> **What you should do**:
Your answer must contain each line of the listing in which "Exclusive" appears, copied in full.

> **Given data**:
----------
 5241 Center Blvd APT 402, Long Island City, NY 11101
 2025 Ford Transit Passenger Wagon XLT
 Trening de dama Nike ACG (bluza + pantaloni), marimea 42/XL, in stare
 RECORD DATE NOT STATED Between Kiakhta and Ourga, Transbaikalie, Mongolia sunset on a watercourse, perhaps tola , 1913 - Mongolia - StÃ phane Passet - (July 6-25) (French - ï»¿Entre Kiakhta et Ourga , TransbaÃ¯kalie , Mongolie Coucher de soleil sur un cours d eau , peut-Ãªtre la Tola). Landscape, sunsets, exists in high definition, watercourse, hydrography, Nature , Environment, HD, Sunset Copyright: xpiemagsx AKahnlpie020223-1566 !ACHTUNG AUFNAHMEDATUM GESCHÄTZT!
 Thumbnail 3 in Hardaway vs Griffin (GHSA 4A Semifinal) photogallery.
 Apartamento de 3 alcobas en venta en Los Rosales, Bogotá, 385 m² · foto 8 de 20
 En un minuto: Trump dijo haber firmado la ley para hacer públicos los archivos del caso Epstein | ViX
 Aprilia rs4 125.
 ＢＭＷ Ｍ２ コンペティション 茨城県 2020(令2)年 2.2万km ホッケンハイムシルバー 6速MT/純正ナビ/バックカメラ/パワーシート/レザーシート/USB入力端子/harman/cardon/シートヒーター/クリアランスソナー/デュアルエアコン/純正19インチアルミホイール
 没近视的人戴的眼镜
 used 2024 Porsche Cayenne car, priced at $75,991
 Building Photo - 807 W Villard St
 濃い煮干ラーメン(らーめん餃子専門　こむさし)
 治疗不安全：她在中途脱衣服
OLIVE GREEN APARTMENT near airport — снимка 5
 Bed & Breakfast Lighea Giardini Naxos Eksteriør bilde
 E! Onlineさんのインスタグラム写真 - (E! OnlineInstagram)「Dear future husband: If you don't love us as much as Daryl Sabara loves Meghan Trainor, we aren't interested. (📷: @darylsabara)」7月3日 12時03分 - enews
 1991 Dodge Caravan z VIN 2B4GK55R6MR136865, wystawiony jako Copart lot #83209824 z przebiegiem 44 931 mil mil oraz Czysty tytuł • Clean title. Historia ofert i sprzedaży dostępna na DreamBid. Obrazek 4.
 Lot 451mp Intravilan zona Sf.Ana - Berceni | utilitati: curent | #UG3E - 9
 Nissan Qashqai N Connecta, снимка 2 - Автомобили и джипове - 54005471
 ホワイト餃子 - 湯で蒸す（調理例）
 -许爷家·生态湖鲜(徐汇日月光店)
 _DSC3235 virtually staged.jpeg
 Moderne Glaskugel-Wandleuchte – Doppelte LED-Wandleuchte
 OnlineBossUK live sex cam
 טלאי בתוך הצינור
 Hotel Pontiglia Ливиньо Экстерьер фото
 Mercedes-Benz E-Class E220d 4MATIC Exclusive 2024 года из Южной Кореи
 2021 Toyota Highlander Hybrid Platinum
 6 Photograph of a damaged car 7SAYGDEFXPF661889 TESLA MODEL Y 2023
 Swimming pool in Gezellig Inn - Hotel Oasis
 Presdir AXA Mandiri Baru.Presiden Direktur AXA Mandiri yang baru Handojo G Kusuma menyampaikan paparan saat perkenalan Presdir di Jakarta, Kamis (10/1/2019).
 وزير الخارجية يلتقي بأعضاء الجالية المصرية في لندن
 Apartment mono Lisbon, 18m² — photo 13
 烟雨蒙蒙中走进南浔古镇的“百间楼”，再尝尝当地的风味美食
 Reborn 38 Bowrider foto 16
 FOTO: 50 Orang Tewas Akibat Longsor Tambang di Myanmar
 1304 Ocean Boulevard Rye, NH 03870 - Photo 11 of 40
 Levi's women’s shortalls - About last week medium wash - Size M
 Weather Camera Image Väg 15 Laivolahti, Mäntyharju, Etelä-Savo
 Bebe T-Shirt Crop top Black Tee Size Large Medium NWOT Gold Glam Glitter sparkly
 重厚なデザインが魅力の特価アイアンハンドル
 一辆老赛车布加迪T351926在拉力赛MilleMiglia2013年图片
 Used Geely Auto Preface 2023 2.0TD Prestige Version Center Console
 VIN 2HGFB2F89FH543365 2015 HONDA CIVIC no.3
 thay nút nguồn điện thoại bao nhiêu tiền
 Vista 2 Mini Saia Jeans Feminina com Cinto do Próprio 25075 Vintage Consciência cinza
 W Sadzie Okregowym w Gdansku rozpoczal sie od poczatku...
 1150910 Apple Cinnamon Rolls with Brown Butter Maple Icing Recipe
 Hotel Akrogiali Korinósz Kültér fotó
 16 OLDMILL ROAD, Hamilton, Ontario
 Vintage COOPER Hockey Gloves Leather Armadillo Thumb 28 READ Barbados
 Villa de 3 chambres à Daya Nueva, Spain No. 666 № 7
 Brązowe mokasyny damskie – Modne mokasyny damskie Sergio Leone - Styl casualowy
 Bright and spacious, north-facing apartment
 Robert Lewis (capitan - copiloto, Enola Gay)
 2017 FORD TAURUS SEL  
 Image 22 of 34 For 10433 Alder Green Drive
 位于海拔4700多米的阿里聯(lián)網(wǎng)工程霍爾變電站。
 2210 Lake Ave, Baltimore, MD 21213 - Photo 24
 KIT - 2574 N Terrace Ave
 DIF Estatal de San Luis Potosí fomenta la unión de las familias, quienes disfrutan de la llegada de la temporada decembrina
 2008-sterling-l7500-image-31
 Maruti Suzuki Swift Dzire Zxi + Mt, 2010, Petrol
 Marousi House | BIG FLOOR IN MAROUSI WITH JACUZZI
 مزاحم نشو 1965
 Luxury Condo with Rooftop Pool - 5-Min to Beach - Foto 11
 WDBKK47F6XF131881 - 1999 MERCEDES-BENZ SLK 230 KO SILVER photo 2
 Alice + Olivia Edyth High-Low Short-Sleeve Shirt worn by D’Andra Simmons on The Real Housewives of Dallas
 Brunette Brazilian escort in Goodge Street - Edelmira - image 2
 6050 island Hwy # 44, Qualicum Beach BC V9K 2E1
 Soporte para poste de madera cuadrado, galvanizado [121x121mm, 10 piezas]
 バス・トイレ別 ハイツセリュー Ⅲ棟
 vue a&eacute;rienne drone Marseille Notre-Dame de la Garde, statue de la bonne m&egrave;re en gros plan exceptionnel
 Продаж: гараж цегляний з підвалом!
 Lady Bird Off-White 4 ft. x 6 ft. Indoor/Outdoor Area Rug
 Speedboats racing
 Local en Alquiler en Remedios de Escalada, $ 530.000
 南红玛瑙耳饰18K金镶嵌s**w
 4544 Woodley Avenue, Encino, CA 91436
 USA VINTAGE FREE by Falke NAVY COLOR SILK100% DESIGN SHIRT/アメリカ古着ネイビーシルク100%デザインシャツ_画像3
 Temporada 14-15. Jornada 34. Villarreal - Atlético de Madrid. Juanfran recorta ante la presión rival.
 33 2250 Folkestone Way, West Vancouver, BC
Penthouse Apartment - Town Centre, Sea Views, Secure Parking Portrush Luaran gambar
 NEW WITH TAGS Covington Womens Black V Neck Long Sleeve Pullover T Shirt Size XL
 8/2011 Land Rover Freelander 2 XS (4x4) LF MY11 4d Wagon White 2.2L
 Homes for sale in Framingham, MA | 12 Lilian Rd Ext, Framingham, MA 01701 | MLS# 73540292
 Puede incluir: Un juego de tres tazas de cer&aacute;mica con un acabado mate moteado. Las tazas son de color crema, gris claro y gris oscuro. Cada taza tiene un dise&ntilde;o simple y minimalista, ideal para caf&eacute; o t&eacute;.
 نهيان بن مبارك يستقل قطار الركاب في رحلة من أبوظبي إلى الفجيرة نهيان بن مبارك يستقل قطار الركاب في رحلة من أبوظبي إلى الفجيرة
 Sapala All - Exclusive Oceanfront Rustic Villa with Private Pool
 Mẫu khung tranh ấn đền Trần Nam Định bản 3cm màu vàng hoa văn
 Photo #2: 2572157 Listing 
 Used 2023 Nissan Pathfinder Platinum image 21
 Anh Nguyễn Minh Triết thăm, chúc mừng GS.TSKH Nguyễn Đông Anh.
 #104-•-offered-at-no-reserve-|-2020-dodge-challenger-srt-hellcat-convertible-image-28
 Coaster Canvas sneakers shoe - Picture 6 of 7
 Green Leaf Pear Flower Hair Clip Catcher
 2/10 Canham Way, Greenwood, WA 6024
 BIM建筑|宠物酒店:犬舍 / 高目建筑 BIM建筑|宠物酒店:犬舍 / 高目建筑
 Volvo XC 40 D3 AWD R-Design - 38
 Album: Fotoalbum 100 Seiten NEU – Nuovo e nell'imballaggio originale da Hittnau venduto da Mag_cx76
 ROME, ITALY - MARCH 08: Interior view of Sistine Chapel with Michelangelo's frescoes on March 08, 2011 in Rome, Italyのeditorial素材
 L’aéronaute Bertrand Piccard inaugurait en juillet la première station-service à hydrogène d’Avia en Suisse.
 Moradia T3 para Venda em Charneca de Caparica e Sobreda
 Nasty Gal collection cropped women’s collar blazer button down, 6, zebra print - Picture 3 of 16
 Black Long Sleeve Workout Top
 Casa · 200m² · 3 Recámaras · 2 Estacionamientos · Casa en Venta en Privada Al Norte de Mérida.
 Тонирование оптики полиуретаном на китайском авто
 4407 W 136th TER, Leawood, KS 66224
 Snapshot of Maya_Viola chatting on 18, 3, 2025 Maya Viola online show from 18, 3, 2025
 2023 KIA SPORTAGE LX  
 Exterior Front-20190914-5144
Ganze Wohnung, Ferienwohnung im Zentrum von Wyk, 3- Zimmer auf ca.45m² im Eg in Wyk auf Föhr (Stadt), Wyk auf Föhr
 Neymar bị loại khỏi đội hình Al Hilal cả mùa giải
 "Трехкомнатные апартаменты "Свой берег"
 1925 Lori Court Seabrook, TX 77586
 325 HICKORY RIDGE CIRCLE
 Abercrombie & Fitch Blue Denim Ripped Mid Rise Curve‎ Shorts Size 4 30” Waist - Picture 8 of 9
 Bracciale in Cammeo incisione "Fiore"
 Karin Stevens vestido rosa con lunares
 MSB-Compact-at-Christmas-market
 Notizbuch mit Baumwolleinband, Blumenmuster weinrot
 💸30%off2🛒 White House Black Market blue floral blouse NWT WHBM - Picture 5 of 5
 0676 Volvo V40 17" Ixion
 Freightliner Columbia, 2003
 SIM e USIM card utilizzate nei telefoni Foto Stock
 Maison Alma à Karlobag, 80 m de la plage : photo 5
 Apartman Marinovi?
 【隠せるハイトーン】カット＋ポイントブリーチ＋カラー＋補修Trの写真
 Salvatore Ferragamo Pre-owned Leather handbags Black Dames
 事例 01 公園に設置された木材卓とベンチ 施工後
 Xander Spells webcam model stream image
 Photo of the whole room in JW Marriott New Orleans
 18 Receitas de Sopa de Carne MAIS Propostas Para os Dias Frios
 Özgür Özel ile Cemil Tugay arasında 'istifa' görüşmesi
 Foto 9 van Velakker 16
----------
> **Task response**:
 Mercedes-Benz E-Class E220d 4MATIC Exclusive 2024 года из Южной Кореи
 Sapala All - Exclusive Oceanfront Rustic Villa with Private Pool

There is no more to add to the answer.